# RECORDS FOR THIS TASK
****************************************
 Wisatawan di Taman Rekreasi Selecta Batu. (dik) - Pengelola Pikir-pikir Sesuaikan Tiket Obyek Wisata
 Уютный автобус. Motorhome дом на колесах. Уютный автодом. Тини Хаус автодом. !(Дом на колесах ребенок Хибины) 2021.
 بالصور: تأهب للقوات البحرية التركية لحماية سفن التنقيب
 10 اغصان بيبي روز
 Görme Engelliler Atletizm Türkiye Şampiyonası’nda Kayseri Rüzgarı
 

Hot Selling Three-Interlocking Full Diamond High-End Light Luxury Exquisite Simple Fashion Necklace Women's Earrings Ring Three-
****************************************
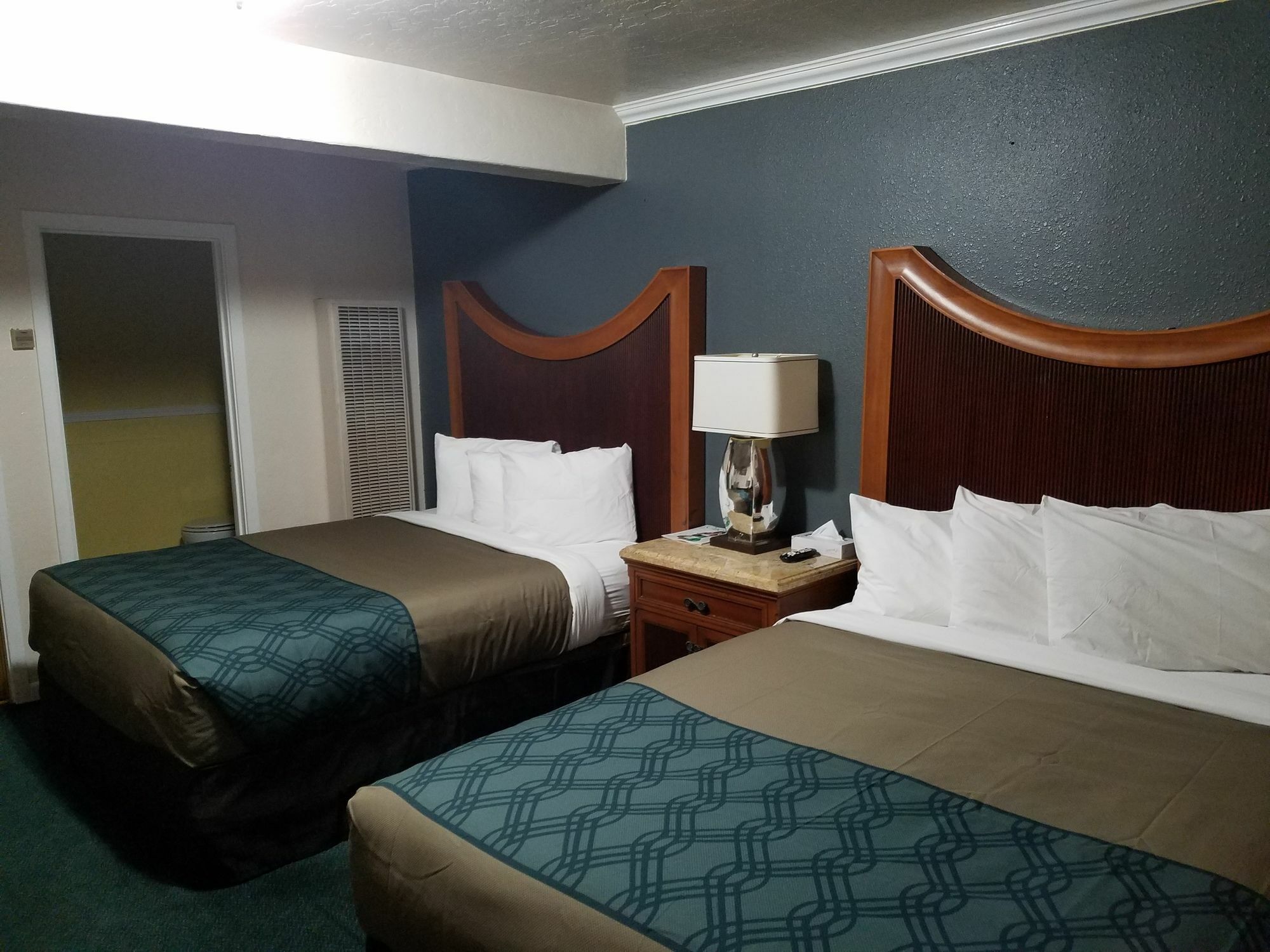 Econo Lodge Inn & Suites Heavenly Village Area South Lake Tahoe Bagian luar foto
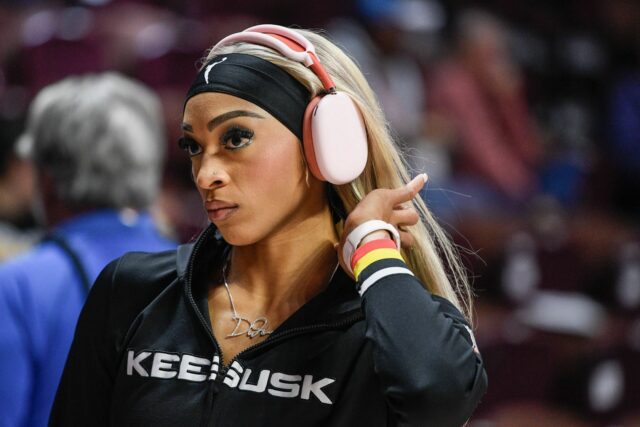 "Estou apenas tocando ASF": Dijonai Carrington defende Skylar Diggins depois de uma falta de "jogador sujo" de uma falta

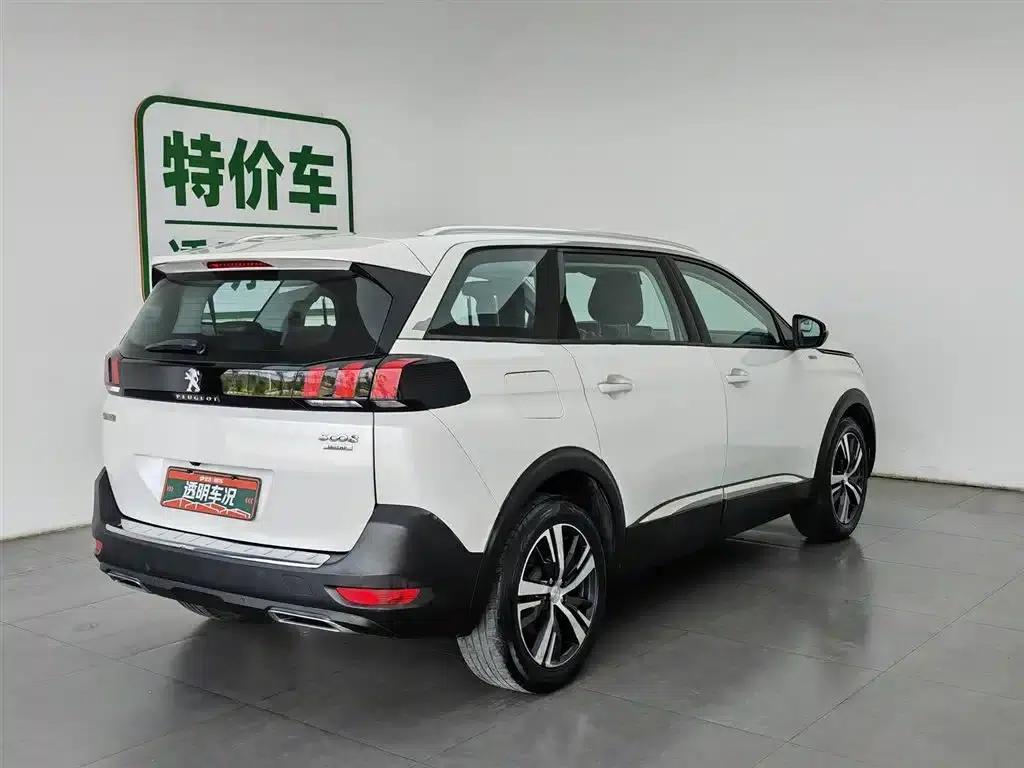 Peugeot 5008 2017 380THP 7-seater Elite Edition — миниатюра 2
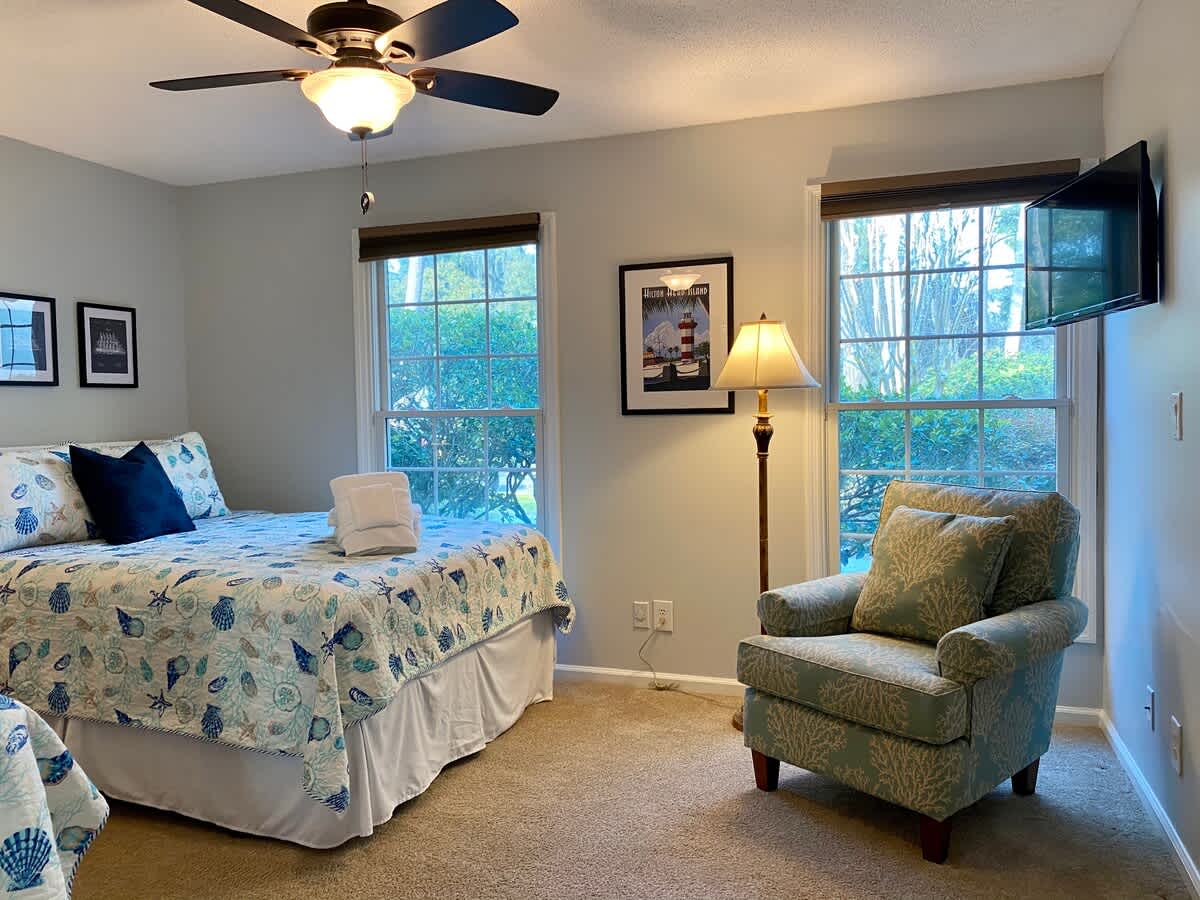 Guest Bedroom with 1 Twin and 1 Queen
****************************************
The required output is the stretch of entries above from the line containing "Уютный автобус. Motorhome" through the line containing "Görme Engelliler Atletizm", reproduced exactly.

 Уютный автобус. Motorhome дом на колесах. Уютный автодом. Тини Хаус автодом. !(Дом на колесах ребенок Хибины) 2021.
 بالصور: تأهب للقوات البحرية التركية لحماية سفن التنقيب
 10 اغصان بيبي روز
 Görme Engelliler Atletizm Türkiye Şampiyonası’nda Kayseri Rüzgarı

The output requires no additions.